COURT OF APPEALS OF INDIANA
ATTORNEY FOR APPELLANT ATTORNEY FOR APPELLEE:
AUDREY A. NARDUCCI, M.D.:
DANNY E. GLASS JOSEPH L. VERKAMP
Fine & Hatfield Jasper, Indiana
ATTORNEYS FOR APPELLANT
SISTERS OF THE LITTLE COMPANY
OF MARY, INC.
L. ALAN WHALEY
SEAN T. DEVENNEY
AUDREY A. NARDUCCI, M.D., )
and SISTERS OF THE LITTLE )
COMPANY OF MARY, INC., d/b/a )
MEMORIAL HOSPITAL AND )
HEALTH CARE CENTER, ) )
Appellants-Defendants, ) No. 19A04-0006-CV-230
DALE TEDROW, )
APPEAL FROM THE DUBOIS CIRCUIT COURT
The Honorable William E. Weikert, Judge
Cause No. 19C01-9802-CP-33
October 30, 2000
Appellants-defendants Dr.
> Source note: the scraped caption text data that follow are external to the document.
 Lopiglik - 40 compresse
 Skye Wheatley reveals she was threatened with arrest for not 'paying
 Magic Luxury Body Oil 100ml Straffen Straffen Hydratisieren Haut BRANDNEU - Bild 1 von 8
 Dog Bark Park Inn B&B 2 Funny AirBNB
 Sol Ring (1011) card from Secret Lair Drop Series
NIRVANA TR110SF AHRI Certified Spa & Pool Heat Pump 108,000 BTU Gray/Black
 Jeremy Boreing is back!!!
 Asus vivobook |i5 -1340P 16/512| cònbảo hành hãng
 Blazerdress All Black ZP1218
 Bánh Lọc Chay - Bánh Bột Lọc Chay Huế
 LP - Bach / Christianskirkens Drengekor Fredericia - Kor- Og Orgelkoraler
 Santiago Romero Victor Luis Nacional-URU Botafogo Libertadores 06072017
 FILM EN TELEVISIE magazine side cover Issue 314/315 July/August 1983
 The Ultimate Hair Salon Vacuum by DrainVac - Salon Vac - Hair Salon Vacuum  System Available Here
Audrey A. Narducci and Memorial Hospital and Health Care Center (the
hospital), appeal the trial courts denial of their motions for summary judgment.
Specifically, they contend that the trial court erred in concluding that the doctrines
of res ipsa loquitur and common knowledge apply to the plaintiff-appellee, Dale Tedrows,
medical malpractice claim against Dr. Narducci and the hospital. Thus, they contend
that Tedrow should have been required to present expert testimony regarding the requisite
standard of care in order to establish negligence.
Dr. Narducci is a medical doctor licensed to practice medicine in the
State of Indiana and a board certified specialist in general surgery. She
currently maintains a general surgery practice in Jasper, Indiana. On January 30,
1996, Dr. Narducci performed a procedure on Tedrow that revealed a tumor of
the colon. A subsequent biopsy of the tumor revealed that it was
cancerous, and, therefore, Dr. Narducci scheduled Tedrow for colon surgery.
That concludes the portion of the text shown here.